» Work instructions:
What you return must match the records below exactly, down to each character.

» Extracted information:

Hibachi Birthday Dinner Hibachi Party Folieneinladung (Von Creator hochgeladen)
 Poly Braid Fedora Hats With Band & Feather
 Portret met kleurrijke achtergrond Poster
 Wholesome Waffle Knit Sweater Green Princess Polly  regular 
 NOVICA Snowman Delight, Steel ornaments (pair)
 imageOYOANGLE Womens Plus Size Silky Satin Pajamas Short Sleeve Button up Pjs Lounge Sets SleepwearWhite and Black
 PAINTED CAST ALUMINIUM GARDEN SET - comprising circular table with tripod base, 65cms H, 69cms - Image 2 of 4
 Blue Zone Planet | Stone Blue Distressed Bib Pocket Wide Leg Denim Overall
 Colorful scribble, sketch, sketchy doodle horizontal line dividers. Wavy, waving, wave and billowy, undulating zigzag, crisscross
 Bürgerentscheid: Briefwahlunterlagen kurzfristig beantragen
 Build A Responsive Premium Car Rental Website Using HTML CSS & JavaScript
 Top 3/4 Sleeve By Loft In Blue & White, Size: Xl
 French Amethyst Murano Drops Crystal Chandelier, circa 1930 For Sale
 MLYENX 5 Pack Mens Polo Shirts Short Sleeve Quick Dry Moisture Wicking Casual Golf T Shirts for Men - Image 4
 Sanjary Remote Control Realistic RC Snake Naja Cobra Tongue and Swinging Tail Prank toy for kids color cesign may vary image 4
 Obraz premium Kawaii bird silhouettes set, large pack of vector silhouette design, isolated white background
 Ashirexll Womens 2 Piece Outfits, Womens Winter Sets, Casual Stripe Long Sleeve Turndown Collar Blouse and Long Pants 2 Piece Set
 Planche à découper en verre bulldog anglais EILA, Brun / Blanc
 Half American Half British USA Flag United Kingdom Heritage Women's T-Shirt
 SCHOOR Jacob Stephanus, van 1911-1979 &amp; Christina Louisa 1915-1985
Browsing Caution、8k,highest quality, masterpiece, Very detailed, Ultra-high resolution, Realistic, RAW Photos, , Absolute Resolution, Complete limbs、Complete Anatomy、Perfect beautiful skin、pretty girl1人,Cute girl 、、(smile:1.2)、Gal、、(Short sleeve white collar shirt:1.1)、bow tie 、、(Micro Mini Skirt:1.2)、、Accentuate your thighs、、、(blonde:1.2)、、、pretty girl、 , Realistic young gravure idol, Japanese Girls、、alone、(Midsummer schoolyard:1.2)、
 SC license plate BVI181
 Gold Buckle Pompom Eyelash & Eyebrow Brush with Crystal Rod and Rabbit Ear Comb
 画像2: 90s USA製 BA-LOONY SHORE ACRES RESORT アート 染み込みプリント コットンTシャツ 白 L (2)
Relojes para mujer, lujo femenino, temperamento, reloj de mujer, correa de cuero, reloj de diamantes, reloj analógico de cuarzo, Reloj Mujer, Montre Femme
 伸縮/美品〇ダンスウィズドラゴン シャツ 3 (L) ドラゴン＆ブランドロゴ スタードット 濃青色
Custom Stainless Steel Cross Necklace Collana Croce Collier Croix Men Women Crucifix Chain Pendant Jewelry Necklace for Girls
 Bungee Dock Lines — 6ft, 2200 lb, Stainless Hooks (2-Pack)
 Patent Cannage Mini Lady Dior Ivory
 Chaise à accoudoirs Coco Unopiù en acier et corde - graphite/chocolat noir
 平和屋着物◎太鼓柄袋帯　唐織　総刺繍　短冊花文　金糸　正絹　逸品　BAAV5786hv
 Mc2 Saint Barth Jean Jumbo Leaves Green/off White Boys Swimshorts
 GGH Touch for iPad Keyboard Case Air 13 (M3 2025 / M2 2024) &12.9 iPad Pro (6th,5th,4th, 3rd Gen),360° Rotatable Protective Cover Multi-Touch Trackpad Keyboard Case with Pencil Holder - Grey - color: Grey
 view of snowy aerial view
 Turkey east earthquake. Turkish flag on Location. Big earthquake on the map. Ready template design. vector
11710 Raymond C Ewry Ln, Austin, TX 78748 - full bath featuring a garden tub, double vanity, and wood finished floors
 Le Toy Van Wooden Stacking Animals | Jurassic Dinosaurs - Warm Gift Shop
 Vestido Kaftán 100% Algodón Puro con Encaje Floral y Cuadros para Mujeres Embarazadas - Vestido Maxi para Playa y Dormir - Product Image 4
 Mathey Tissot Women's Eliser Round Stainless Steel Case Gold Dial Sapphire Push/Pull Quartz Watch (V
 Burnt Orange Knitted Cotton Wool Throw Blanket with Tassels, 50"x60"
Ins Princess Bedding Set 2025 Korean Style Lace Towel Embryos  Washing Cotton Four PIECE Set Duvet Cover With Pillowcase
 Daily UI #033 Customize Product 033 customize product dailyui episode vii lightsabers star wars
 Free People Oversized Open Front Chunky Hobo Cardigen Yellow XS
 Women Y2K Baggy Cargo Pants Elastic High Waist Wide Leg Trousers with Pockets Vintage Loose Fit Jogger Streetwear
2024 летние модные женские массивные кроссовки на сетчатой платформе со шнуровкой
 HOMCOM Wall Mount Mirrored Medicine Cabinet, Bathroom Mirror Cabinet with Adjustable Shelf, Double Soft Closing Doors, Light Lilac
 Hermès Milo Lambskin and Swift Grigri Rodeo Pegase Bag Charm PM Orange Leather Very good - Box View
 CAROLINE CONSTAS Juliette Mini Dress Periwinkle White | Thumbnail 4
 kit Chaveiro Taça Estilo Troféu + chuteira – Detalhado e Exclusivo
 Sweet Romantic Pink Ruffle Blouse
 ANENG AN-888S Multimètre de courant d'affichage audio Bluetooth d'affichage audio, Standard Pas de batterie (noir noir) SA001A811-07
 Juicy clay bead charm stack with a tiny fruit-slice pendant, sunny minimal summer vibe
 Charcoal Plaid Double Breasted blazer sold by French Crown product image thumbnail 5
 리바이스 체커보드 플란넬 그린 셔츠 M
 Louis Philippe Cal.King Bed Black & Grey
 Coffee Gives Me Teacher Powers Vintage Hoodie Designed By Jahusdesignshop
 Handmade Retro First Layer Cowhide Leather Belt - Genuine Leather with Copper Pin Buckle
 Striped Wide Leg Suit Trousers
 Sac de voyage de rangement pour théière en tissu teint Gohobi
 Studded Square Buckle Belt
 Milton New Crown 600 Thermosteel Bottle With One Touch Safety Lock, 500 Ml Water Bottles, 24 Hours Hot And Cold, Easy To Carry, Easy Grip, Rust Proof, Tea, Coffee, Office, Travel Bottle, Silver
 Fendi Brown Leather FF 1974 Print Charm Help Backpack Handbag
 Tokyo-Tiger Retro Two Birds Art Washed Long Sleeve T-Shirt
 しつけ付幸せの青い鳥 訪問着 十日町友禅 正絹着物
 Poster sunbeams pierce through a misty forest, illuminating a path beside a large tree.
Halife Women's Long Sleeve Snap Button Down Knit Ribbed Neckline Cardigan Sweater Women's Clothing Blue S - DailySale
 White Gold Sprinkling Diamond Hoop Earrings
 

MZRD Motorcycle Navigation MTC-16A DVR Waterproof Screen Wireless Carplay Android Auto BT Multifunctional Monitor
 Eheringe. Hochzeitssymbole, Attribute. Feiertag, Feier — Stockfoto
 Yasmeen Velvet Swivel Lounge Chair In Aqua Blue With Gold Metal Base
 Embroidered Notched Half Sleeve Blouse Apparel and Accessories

» Result below:
Hibachi Birthday Dinner Hibachi Party Folieneinladung (Von Creator hochgeladen)
 Poly Braid Fedora Hats With Band & Feather
 Portret met kleurrijke achtergrond Poster
 Wholesome Waffle Knit Sweater Green Princess Polly  regular 
 NOVICA Snowman Delight, Steel ornaments (pair)
 imageOYOANGLE Womens Plus Size Silky Satin Pajamas Short Sleeve Button up Pjs Lounge Sets SleepwearWhite and Black
 PAINTED CAST ALUMINIUM GARDEN SET - comprising circular table with tripod base, 65cms H, 69cms - Image 2 of 4
 Blue Zone Planet | Stone Blue Distressed Bib Pocket Wide Leg Denim Overall
 Colorful scribble, sketch, sketchy doodle horizontal line dividers. Wavy, waving, wave and billowy, undulating zigzag, crisscross
 Bürgerentscheid: Briefwahlunterlagen kurzfristig beantragen
 Build A Responsive Premium Car Rental Website Using HTML CSS & JavaScript
 Top 3/4 Sleeve By Loft In Blue & White, Size: Xl
 French Amethyst Murano Drops Crystal Chandelier, circa 1930 For Sale
 MLYENX 5 Pack Mens Polo Shirts Short Sleeve Quick Dry Moisture Wicking Casual Golf T Shirts for Men - Image 4
 Sanjary Remote Control Realistic RC Snake Naja Cobra Tongue and Swinging Tail Prank toy for kids color cesign may vary image 4
 Obraz premium Kawaii bird silhouettes set, large pack of vector silhouette design, isolated white background
 Ashirexll Womens 2 Piece Outfits, Womens Winter Sets, Casual Stripe Long Sleeve Turndown Collar Blouse and Long Pants 2 Piece Set
 Planche à découper en verre bulldog anglais EILA, Brun / Blanc
 Half American Half British USA Flag United Kingdom Heritage Women's T-Shirt
 SCHOOR Jacob Stephanus, van 1911-1979 &amp; Christina Louisa 1915-1985
Browsing Caution、8k,highest quality, masterpiece, Very detailed, Ultra-high resolution, Realistic, RAW Photos, , Absolute Resolution, Complete limbs、Complete Anatomy、Perfect beautiful skin、pretty girl1人,Cute girl 、、(smile:1.2)、Gal、、(Short sleeve white collar shirt:1.1)、bow tie 、、(Micro Mini Skirt:1.2)、、Accentuate your thighs、、、(blonde:1.2)、、、pretty girl、 , Realistic young gravure idol, Japanese Girls、、alone、(Midsummer schoolyard:1.2)、
 SC license plate BVI181
 Gold Buckle Pompom Eyelash & Eyebrow Brush with Crystal Rod and Rabbit Ear Comb
 画像2: 90s USA製 BA-LOONY SHORE ACRES RESORT アート 染み込みプリント コットンTシャツ 白 L (2)
Relojes para mujer, lujo femenino, temperamento, reloj de mujer, correa de cuero, reloj de diamantes, reloj analógico de cuarzo, Reloj Mujer, Montre Femme
 伸縮/美品〇ダンスウィズドラゴン シャツ 3 (L) ドラゴン＆ブランドロゴ スタードット 濃青色
Custom Stainless Steel Cross Necklace Collana Croce Collier Croix Men Women Crucifix Chain Pendant Jewelry Necklace for Girls
 Bungee Dock Lines — 6ft, 2200 lb, Stainless Hooks (2-Pack)
 Patent Cannage Mini Lady Dior Ivory
 Chaise à accoudoirs Coco Unopiù en acier et corde - graphite/chocolat noir
 平和屋着物◎太鼓柄袋帯　唐織　総刺繍　短冊花文　金糸　正絹　逸品　BAAV5786hv
 Mc2 Saint Barth Jean Jumbo Leaves Green/off White Boys Swimshorts
 GGH Touch for iPad Keyboard Case Air 13 (M3 2025 / M2 2024) &12.9 iPad Pro (6th,5th,4th, 3rd Gen),360° Rotatable Protective Cover Multi-Touch Trackpad Keyboard Case with Pencil Holder - Grey - color: Grey
 view of snowy aerial view
 Turkey east earthquake. Turkish flag on Location. Big earthquake on the map. Ready template design. vector
11710 Raymond C Ewry Ln, Austin, TX 78748 - full bath featuring a garden tub, double vanity, and wood finished floors
 Le Toy Van Wooden Stacking Animals | Jurassic Dinosaurs - Warm Gift Shop
 Vestido Kaftán 100% Algodón Puro con Encaje Floral y Cuadros para Mujeres Embarazadas - Vestido Maxi para Playa y Dormir - Product Image 4
 Mathey Tissot Women's Eliser Round Stainless Steel Case Gold Dial Sapphire Push/Pull Quartz Watch (V
 Burnt Orange Knitted Cotton Wool Throw Blanket with Tassels, 50"x60"
Ins Princess Bedding Set 2025 Korean Style Lace Towel Embryos  Washing Cotton Four PIECE Set Duvet Cover With Pillowcase
 Daily UI #033 Customize Product 033 customize product dailyui episode vii lightsabers star wars
 Free People Oversized Open Front Chunky Hobo Cardigen Yellow XS
 Women Y2K Baggy Cargo Pants Elastic High Waist Wide Leg Trousers with Pockets Vintage Loose Fit Jogger Streetwear
2024 летние модные женские массивные кроссовки на сетчатой платформе со шнуровкой
 HOMCOM Wall Mount Mirrored Medicine Cabinet, Bathroom Mirror Cabinet with Adjustable Shelf, Double Soft Closing Doors, Light Lilac
 Hermès Milo Lambskin and Swift Grigri Rodeo Pegase Bag Charm PM Orange Leather Very good - Box View
 CAROLINE CONSTAS Juliette Mini Dress Periwinkle White | Thumbnail 4
 kit Chaveiro Taça Estilo Troféu + chuteira – Detalhado e Exclusivo
 Sweet Romantic Pink Ruffle Blouse
 ANENG AN-888S Multimètre de courant d'affichage audio Bluetooth d'affichage audio, Standard Pas de batterie (noir noir) SA001A811-07
 Juicy clay bead charm stack with a tiny fruit-slice pendant, sunny minimal summer vibe
 Charcoal Plaid Double Breasted blazer sold by French Crown product image thumbnail 5
 리바이스 체커보드 플란넬 그린 셔츠 M
 Louis Philippe Cal.King Bed Black & Grey
 Coffee Gives Me Teacher Powers Vintage Hoodie Designed By Jahusdesignshop
 Handmade Retro First Layer Cowhide Leather Belt - Genuine Leather with Copper Pin Buckle
 Striped Wide Leg Suit Trousers
 Sac de voyage de rangement pour théière en tissu teint Gohobi
 Studded Square Buckle Belt
 Milton New Crown 600 Thermosteel Bottle With One Touch Safety Lock, 500 Ml Water Bottles, 24 Hours Hot And Cold, Easy To Carry, Easy Grip, Rust Proof, Tea, Coffee, Office, Travel Bottle, Silver
 Fendi Brown Leather FF 1974 Print Charm Help Backpack Handbag
 Tokyo-Tiger Retro Two Birds Art Washed Long Sleeve T-Shirt
 しつけ付幸せの青い鳥 訪問着 十日町友禅 正絹着物
 Poster sunbeams pierce through a misty forest, illuminating a path beside a large tree.
Halife Women's Long Sleeve Snap Button Down Knit Ribbed Neckline Cardigan Sweater Women's Clothing Blue S - DailySale
 White Gold Sprinkling Diamond Hoop Earrings
 

MZRD Motorcycle Navigation MTC-16A DVR Waterproof Screen Wireless Carplay Android Auto BT Multifunctional Monitor
 Eheringe. Hochzeitssymbole, Attribute. Feiertag, Feier — Stockfoto
 Yasmeen Velvet Swivel Lounge Chair In Aqua Blue With Gold Metal Base
 Embroidered Notched Half Sleeve Blouse Apparel and Accessories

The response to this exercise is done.